_TASK MATERIAL_
——————
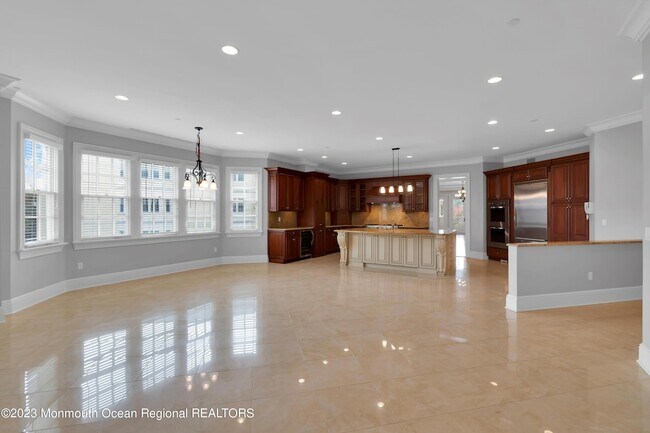 Building Photo - 1132 Oval Rd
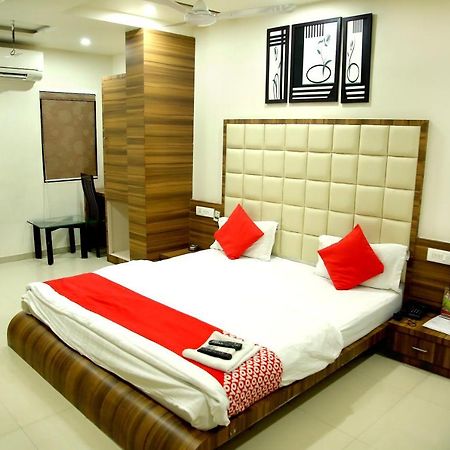 Hotel City Inn Rajkot Esterno foto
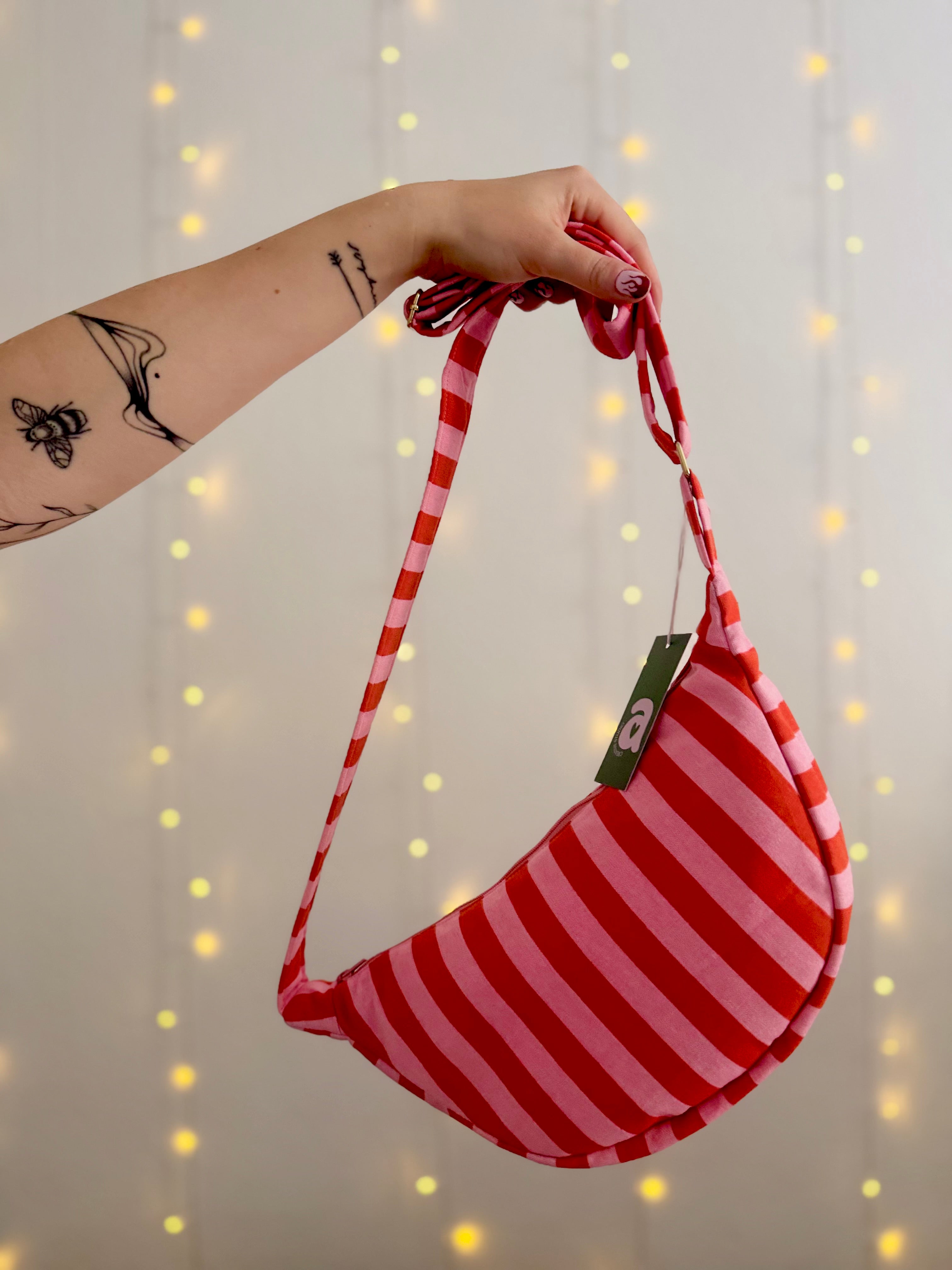 Sonderanfertigung Umhängetasche (small) | Individuelles Einzelstück (Beispiel pink & rot gestreift)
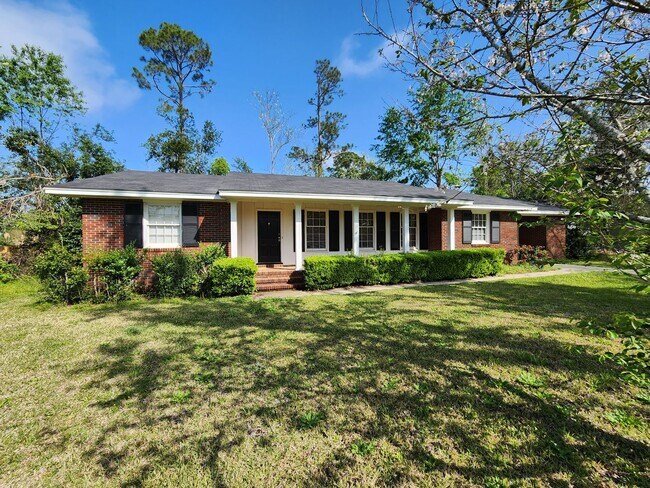 property at 702 Pineridge Dr
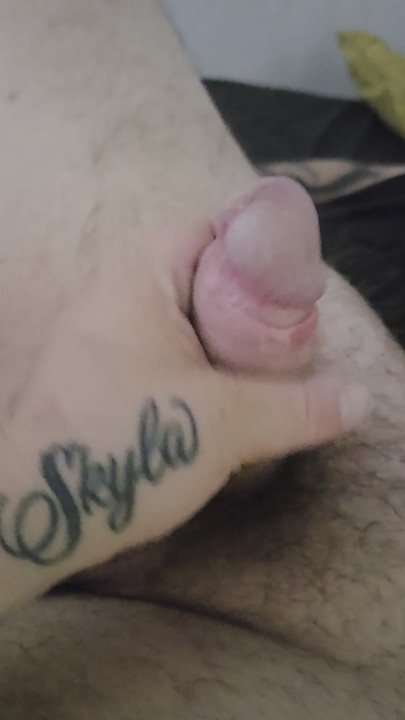 Masturbando la gran polla de mi prometido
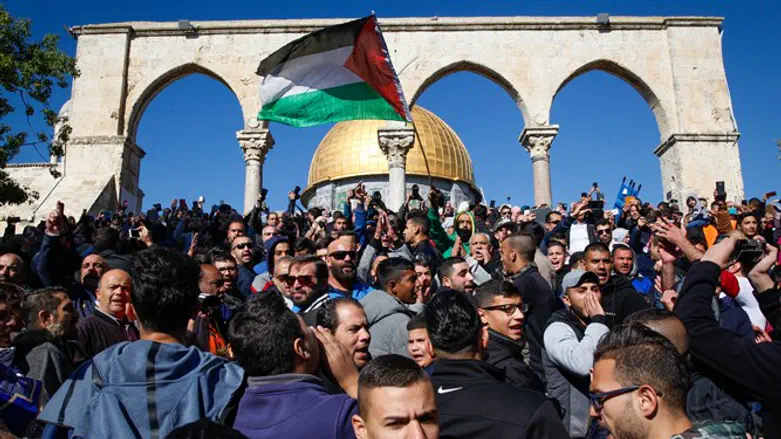 Muslim protest on the Temple Mount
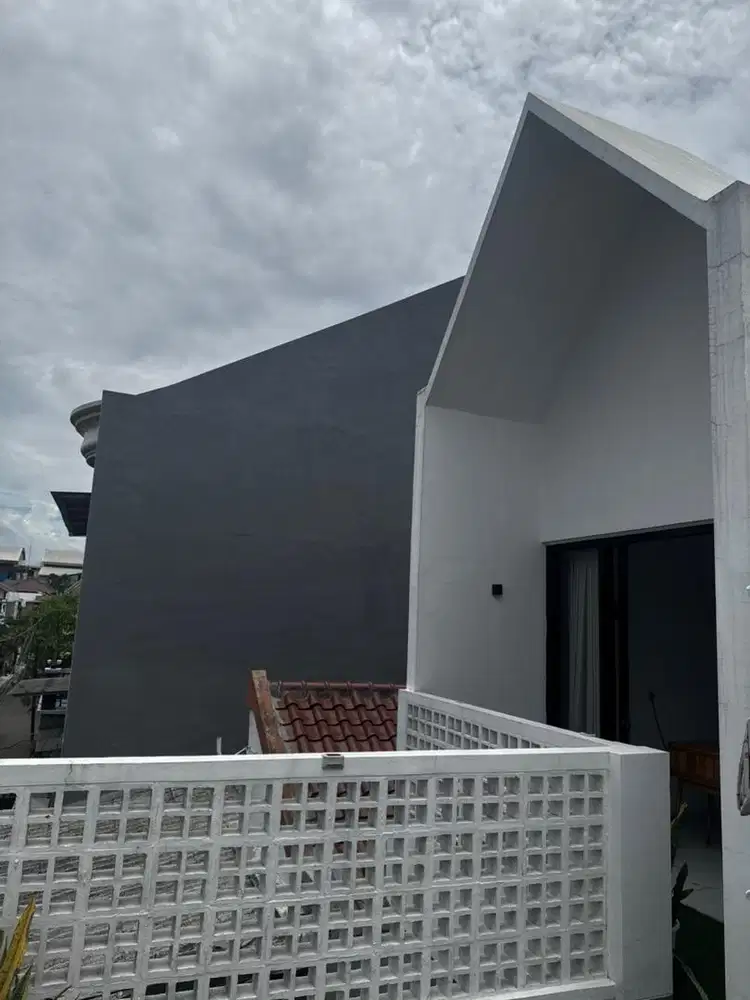 Jual rumah estetik 2 lantai ada taman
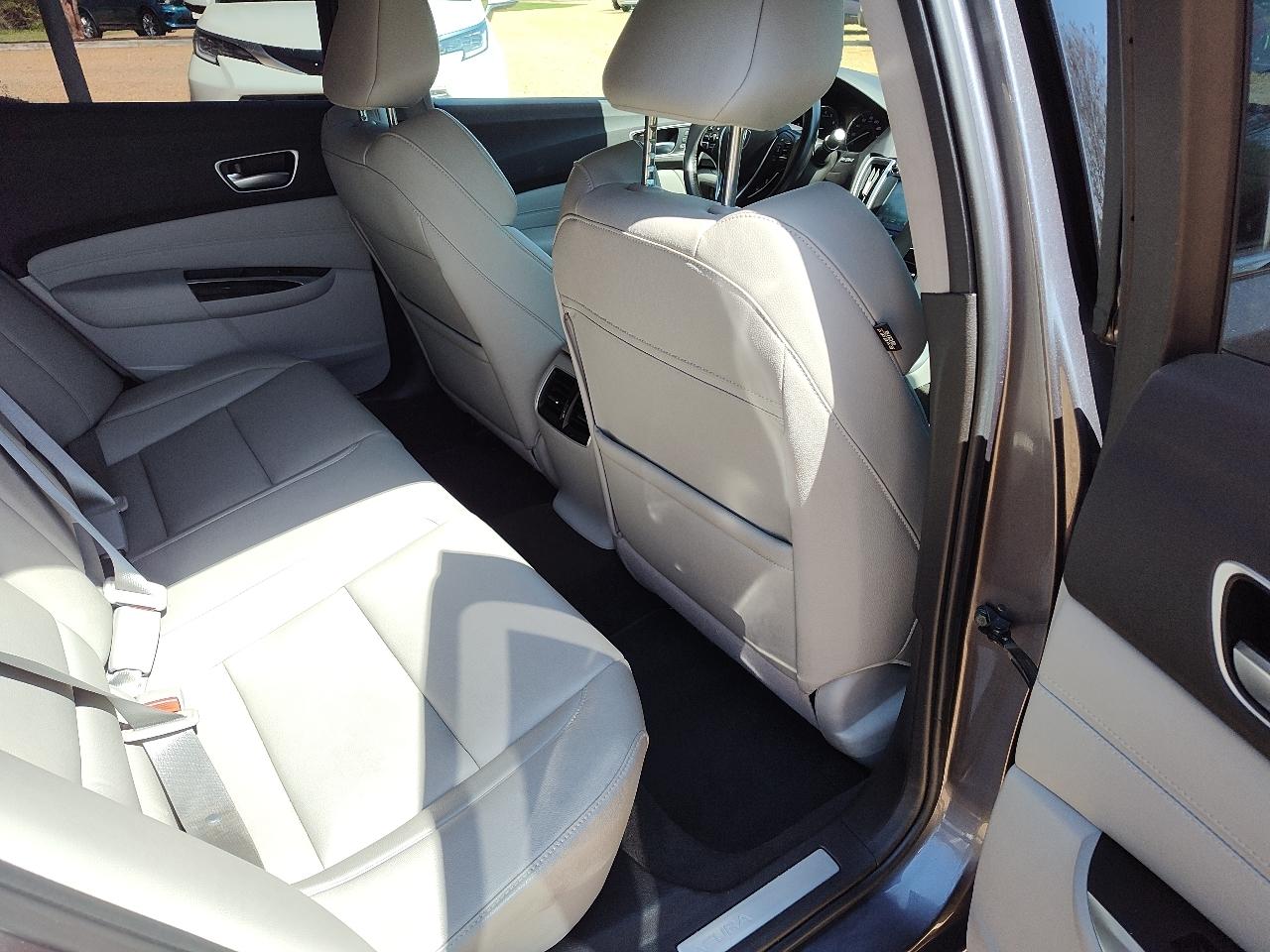 Acura TLX 2.4L FWD 2020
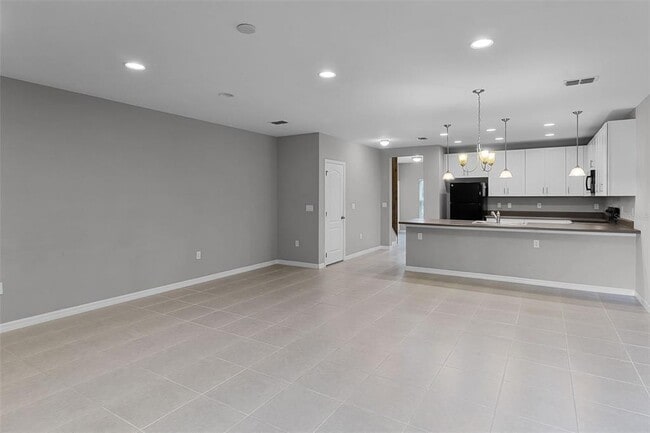 Building Photo - 228 Primrose Dr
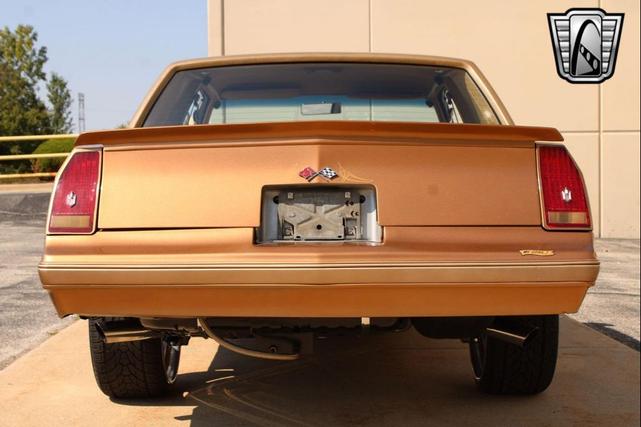Photo of 1987 Gold Chevrolet Monte Carlo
——————
_ABOUT THIS EXERCISE_
Restating the data word for word is the task, and pictures are to be omitted.

_PROBLEM SOLUTION_
 Building Photo - 1132 Oval Rd
 Hotel City Inn Rajkot Esterno foto
 Sonderanfertigung Umhängetasche (small) | Individuelles Einzelstück (Beispiel pink & rot gestreift)
 property at 702 Pineridge Dr
 Masturbando la gran polla de mi prometido
 Muslim protest on the Temple Mount
 Jual rumah estetik 2 lantai ada taman
 Acura TLX 2.4L FWD 2020
 Building Photo - 228 Primrose Dr
Photo of 1987 Gold Chevrolet Monte Carlo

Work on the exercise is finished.